The present paper is one of the first attempts to fill this gap.
Consider the boundary value problem for the heat-conduction equation
\[ \frac{\partial u}{\partial t} = \frac{\partial^2 u}{\partial x^2} + \frac{\partial^2 u}{\partial y^2} \qquad (t>0) \tag{1} \]
for the half-plane \(y \geq 0,\ -\infty < x < \infty\), with zero initial condition and boundary conditions
\[ u(x,0,t)=f(t)e^{-bx}\quad (b>0),\qquad x>0, \tag{2} \]
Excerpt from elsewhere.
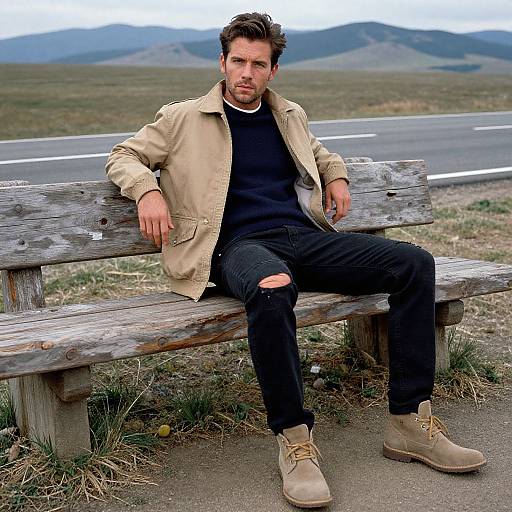 Photograph of a bearded man with short brown hair, wearing a beige jacket, black ripped jeans, and tan boots, sitting on a weathered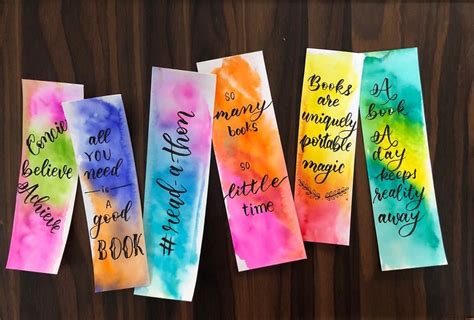 Bookmarks 🔖 • • • #rg #rgcrafts #bookmarks #watercolor #watercolorbackground #books #bookquotes ...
\[ \frac{\partial u(x,0,t)}{\partial y}=0,\qquad x<0. \tag{3} \]
Here \(|f(t)|<\mathrm{const}\, e^{\sigma_0 t}\) for \(t>0\), and the sought function \(u(x,y,t)\), together with its derivatives \(\frac{\partial u}{\partial x}\), \(\frac{\partial u}{\partial y}\), tends to zero as \(x \to \pm \infty\) and \(y \to \infty\), which permits the Laplace and Fourier transforms with respect to the variables \(t\) and \(x\), respectively, to be applied to this boundary value problem.
We apply to this boundary value problem successively the one-sided Laplace transform with respect to time \(t\):
\[ \bar u(x,y)=\int_0^\infty u(x,y,t)e^{-st}\,dt, \qquad \operatorname{Re}s>\sigma_0,\quad s=\sigma+i\tau, \]
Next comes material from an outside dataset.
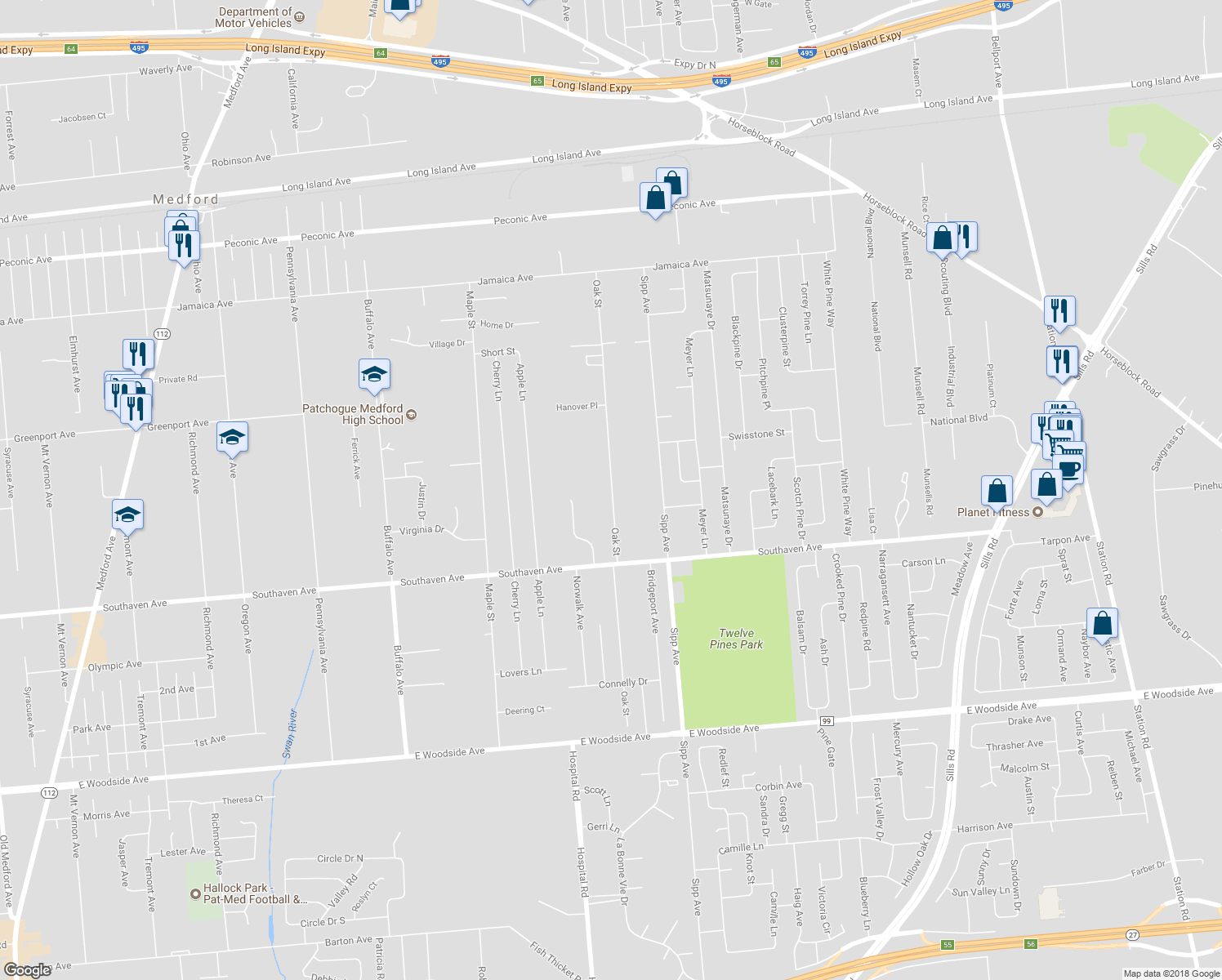 map of restaurants, bars, coffee shops, grocery stores, and more near 188 Oak Street in Medford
and the Fourier transform with respect to the variable \(x\):
\[ U(y)=\frac{1}{\sqrt{2\pi}}\int_{-\infty}^{\infty}\bar u(x,y)e^{ipx}\,dx, \qquad p=\alpha+i\beta,\quad -b<\beta<b, \]
which gives
\[ \left(\frac{d^2}{dy^2}-\gamma^2\right)U(y)=0,\qquad -b<\beta<b, \tag{1'} \]
\[ U_+(0)=\frac{F(k^2)}{\sqrt{2\pi}(b-ip)},\qquad \beta>-b, \tag{2'} \]
\[ U'_-(0)=0. \tag{3'} \]
Here the following notation has been introduced and chosen:
\[ \operatorname{Re}s>0;\qquad k^2=s,\quad k=k_1+ik_2,\quad k_1>0;\qquad \gamma^2=k^2+p^2,\quad \operatorname{Re}\gamma>0; \]
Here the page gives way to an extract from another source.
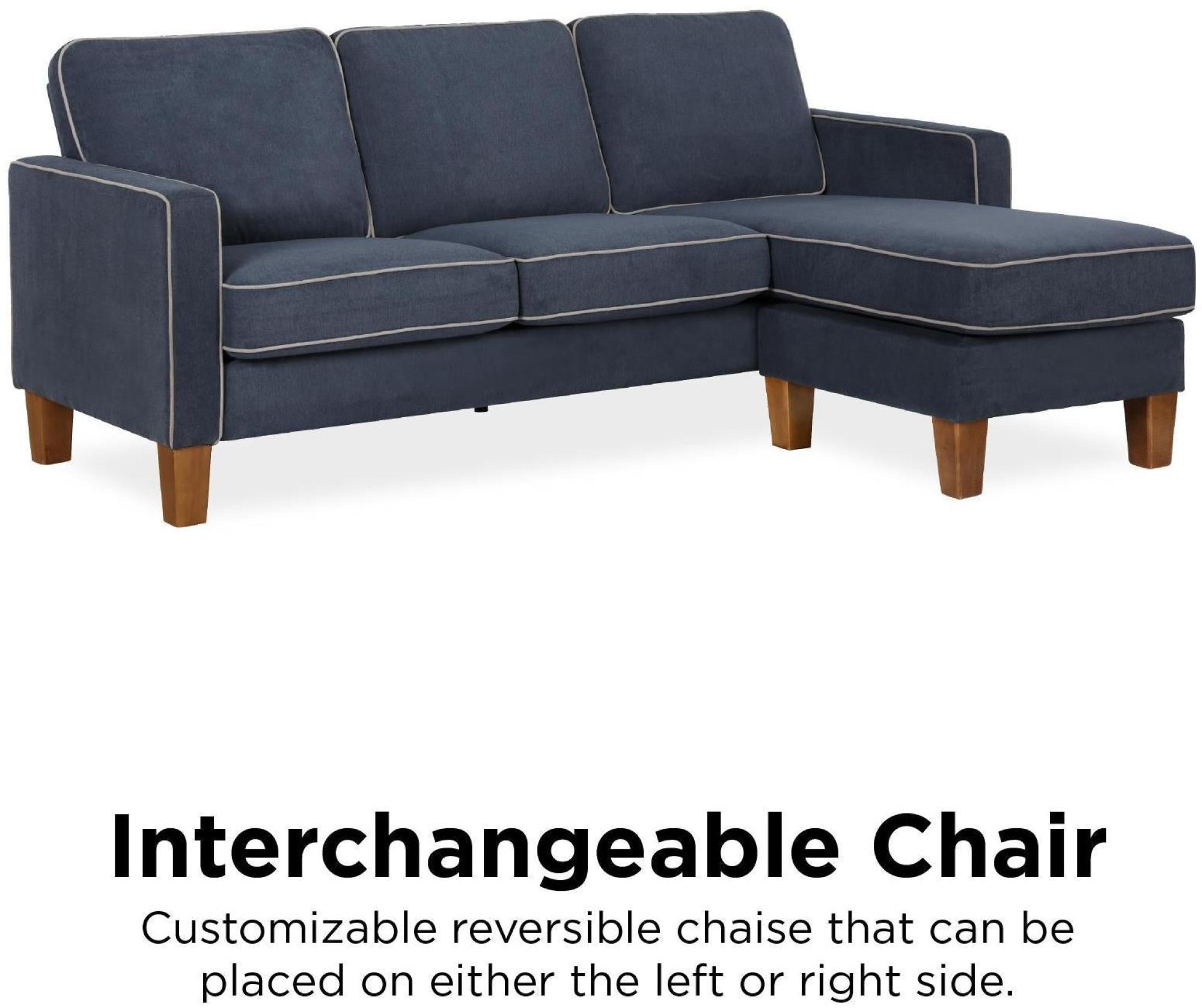 Novogratz Bowen Sectional Sofa - Blue Chenille Fabric - DA036SEC-BLUK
\[ U_+(y)=\frac{1}{\sqrt{2\pi}}\int_0^\infty \bar u(x,y)e^{ipx}\,dx,\qquad \beta>-b; \]
\[ U_-(y)=\frac{1}{\sqrt{2\pi}}\int_{-\infty}^0 \bar u(x,y)e^{ipx}\,dx,\qquad \beta<b; \]
\[ F(s)=\int_0^\infty f(t)e^{-st}\,dt,\qquad \operatorname{Re}s>\sigma_0. \]
The general solution of (1′) is
\[ U(y)=A(p)e^{-\gamma y}+B(p)e^{\gamma y}. \tag{4} \]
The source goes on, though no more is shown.